Rule #4: Performance of a duty imposed by law
Performance of a legal obligation (something the law tells you to do) is not a consideration for a promise. BUT if you exceed a duty imposed by law it will amount to good consideration. For example: this could be an obligation like following traffic laws, paying taxes, or, as in the example of parenting, providing basic care for your child. If you promise to do something that you are already legally required to do (your legal duty), this does not count as valid consideration for a new contract. you can’t use an existing legal obligagtion as the “something of value” to enforce a promise from someone else. For example, a police officer can’t ask for extra payement their regular duties, like investigating a crime, because that’s something they already required to do by law.
Collins v Godfrey (1813)
Collins was subpoenaed (legally required) to appear as a witness in a court case. Godfrey promised to pay him for his time if he testified. However, Collins was laready obligated by law to attent court because of the subpoena. When Godfrey refused to pay, Collins tried to enforce the promise. The court ruled that Collins could not enforce the promise becuase he was already legally required to attent court as a witness under the subpoena. since Collins was performing a duty that the law imposed on him, his act of attending court could not could not count as valid consideration. In other words, you can’t enforce a contract if the only thing you are offering in return is something you’re already legally bound to do. Doing something you’re already required to do by law - like testifying in ocurt - doesn’t provide sufficient consideration to create a new contract.
Glasbrook Bros v Glamorgan County Council (1925)

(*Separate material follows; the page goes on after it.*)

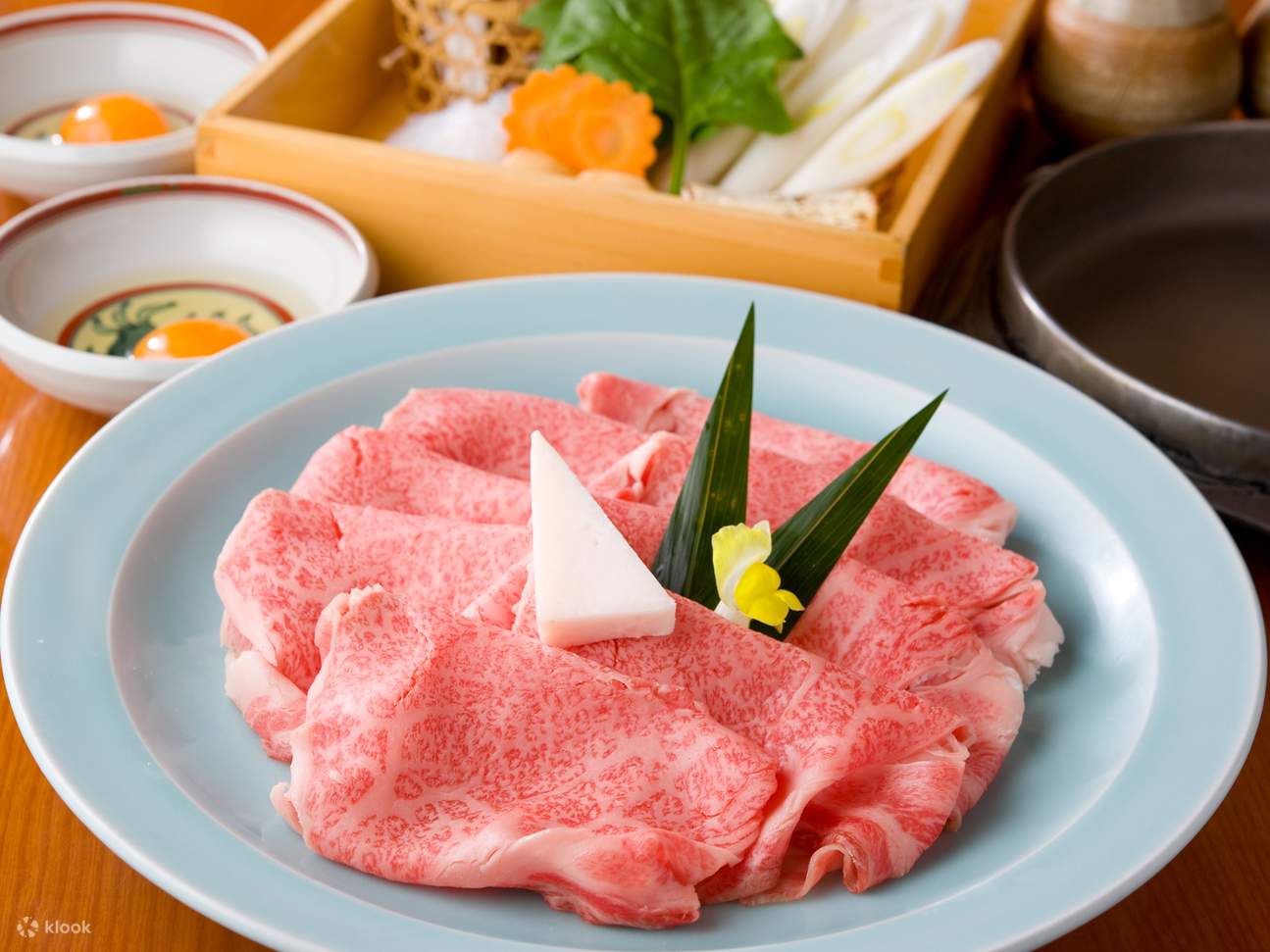 Enjoy a special sukiyaki course (with crab sashimi) at a window seat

Minors strike, the owners of a mine whose workers were on strike sought the assistance of the police to get the men who weren’t stiking across to their jobs and wanted the police to come and maintain order, the police came and inspected the situation saying that a mobile police escort would be sufficient. The mine owners wanted on the spot coverage and would pay them for doing so. The owners of the mine refused to pay and said it is their legal obligation to make sure something is maintained. The House of Lords sided with the police and that mobile coverage should be compensated because providing this act was going beyong their legal obligation.